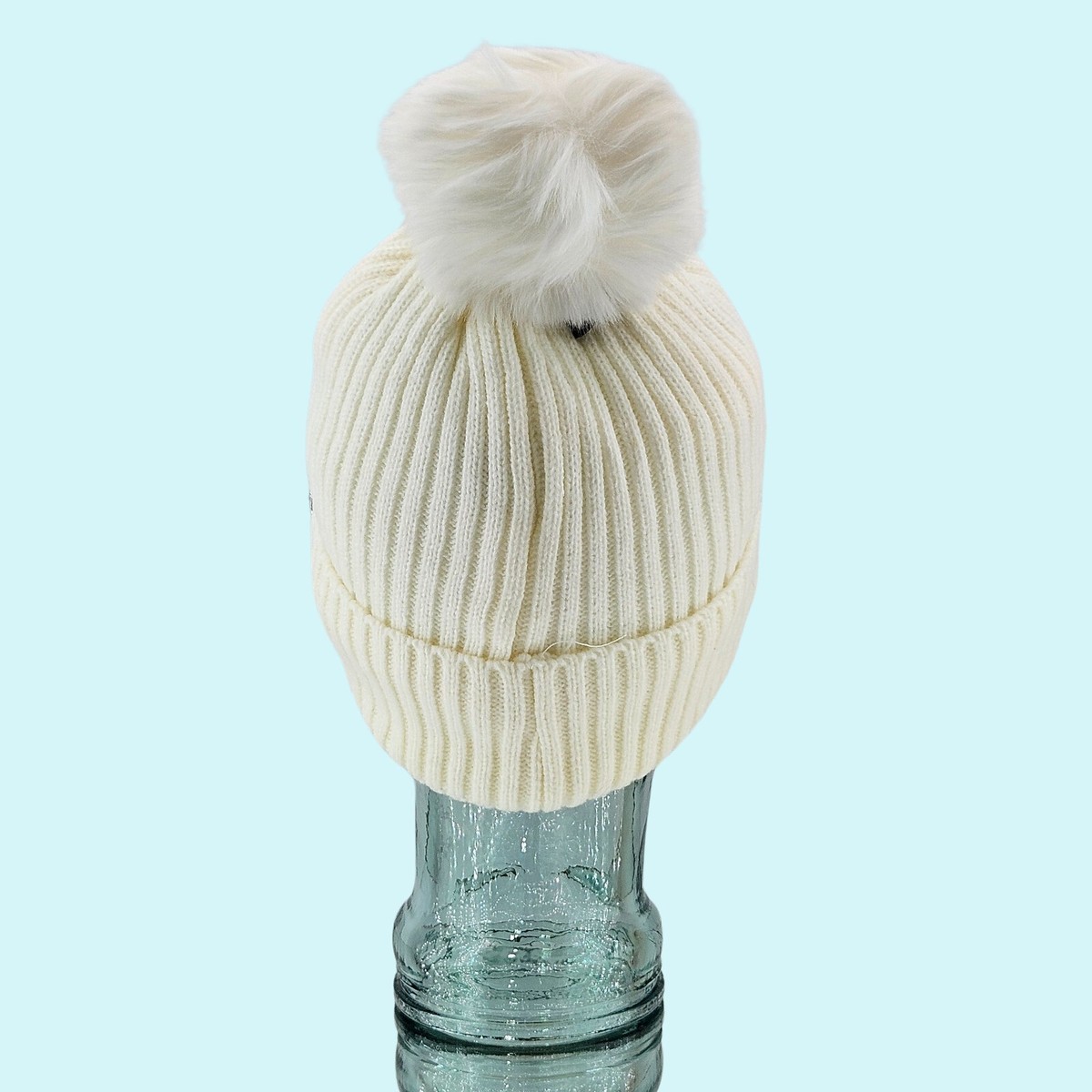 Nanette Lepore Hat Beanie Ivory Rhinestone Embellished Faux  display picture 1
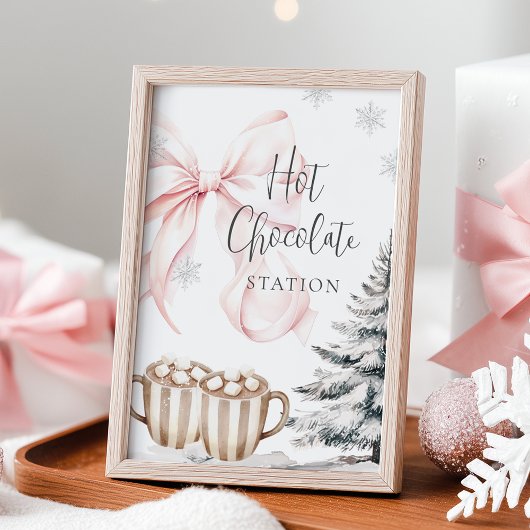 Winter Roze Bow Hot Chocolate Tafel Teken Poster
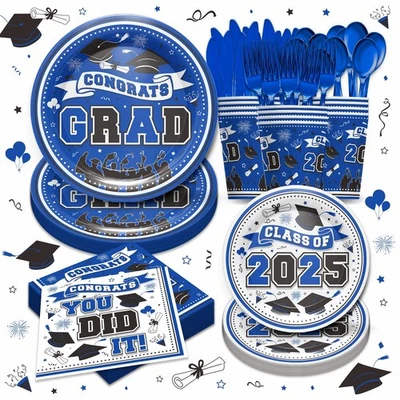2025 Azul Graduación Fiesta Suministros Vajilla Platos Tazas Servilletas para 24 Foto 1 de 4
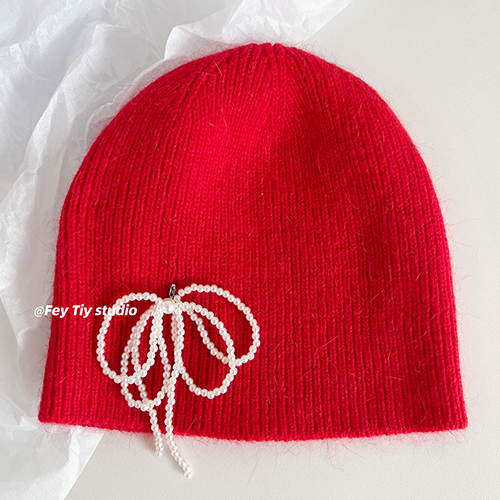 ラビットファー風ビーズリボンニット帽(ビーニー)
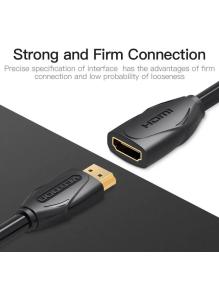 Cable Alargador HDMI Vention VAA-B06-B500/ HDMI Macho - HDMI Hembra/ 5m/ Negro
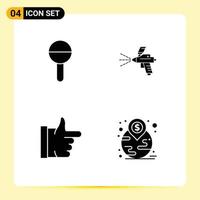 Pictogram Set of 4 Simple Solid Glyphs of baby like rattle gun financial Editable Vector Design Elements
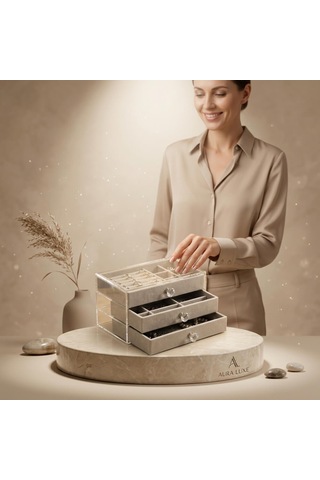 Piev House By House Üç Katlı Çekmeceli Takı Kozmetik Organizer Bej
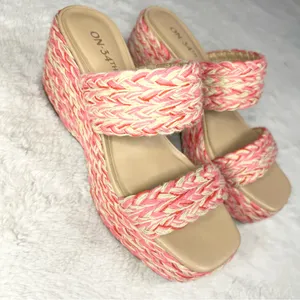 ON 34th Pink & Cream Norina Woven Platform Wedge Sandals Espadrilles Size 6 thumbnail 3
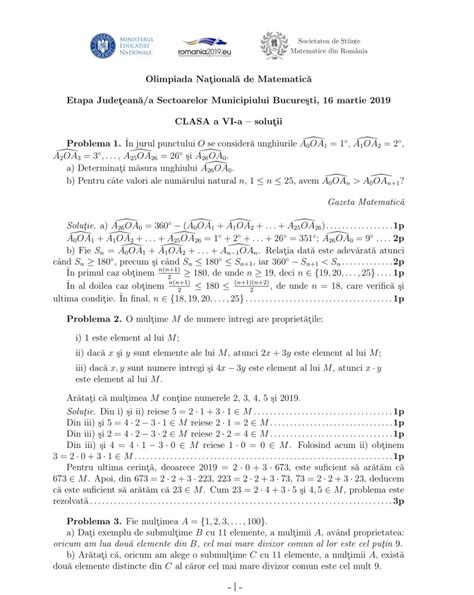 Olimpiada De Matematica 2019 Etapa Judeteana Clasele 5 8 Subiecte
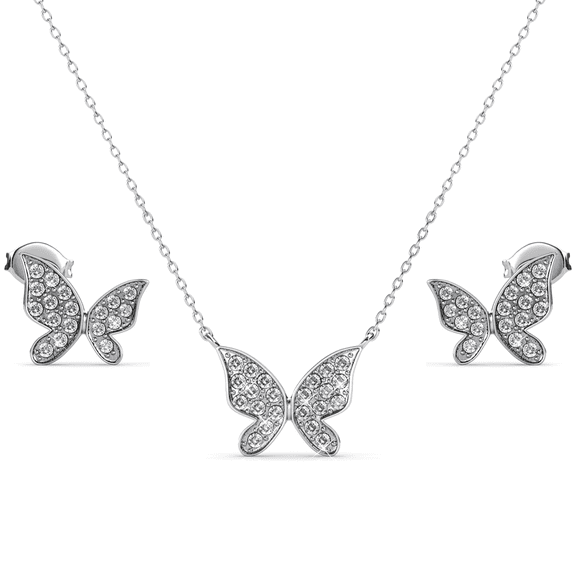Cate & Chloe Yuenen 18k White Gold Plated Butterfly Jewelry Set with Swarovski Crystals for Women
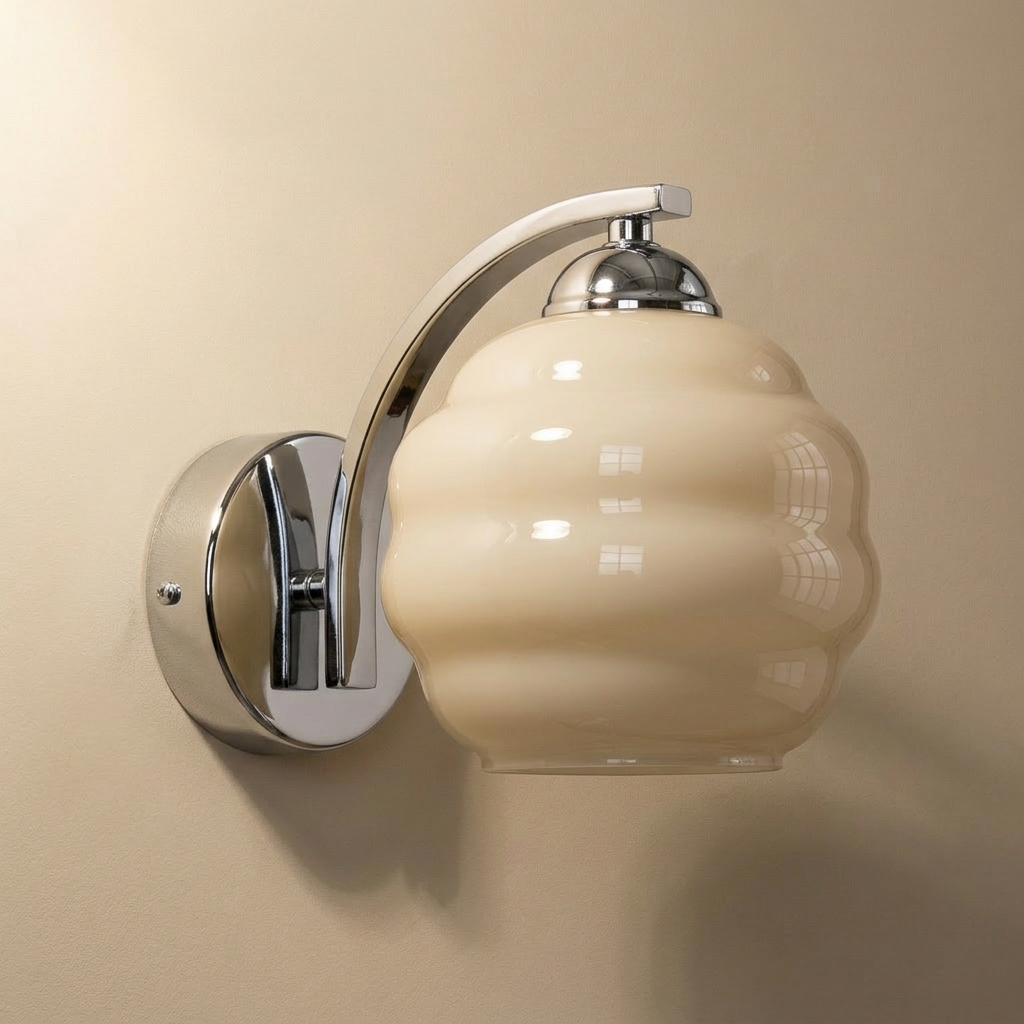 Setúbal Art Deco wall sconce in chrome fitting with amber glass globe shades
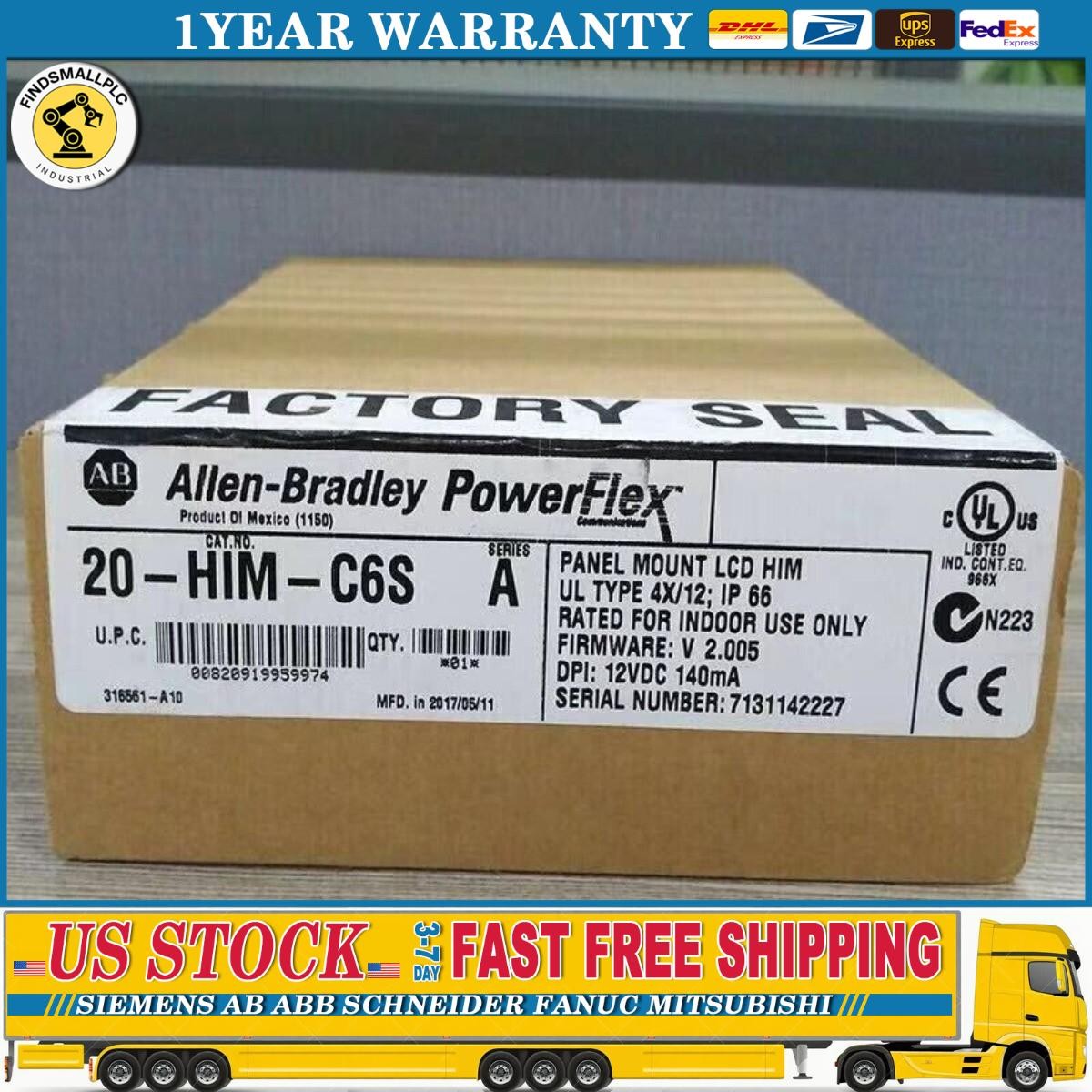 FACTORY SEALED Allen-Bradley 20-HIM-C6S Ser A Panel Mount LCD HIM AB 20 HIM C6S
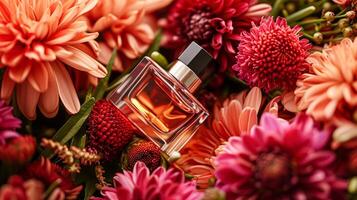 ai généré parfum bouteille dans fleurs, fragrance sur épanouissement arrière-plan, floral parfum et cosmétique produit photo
^^^^^^^^
:: What the task requires ::
Set down exactly the lines above, from the line containing "Cable Alargador HDMI" through the line containing "Piev House By". Skip the pictures.

:: Answer ::
 Cable Alargador HDMI Vention VAA-B06-B500/ HDMI Macho - HDMI Hembra/ 5m/ Negro
 Pictogram Set of 4 Simple Solid Glyphs of baby like rattle gun financial Editable Vector Design Elements
 Piev House By House Üç Katlı Çekmeceli Takı Kozmetik Organizer Bej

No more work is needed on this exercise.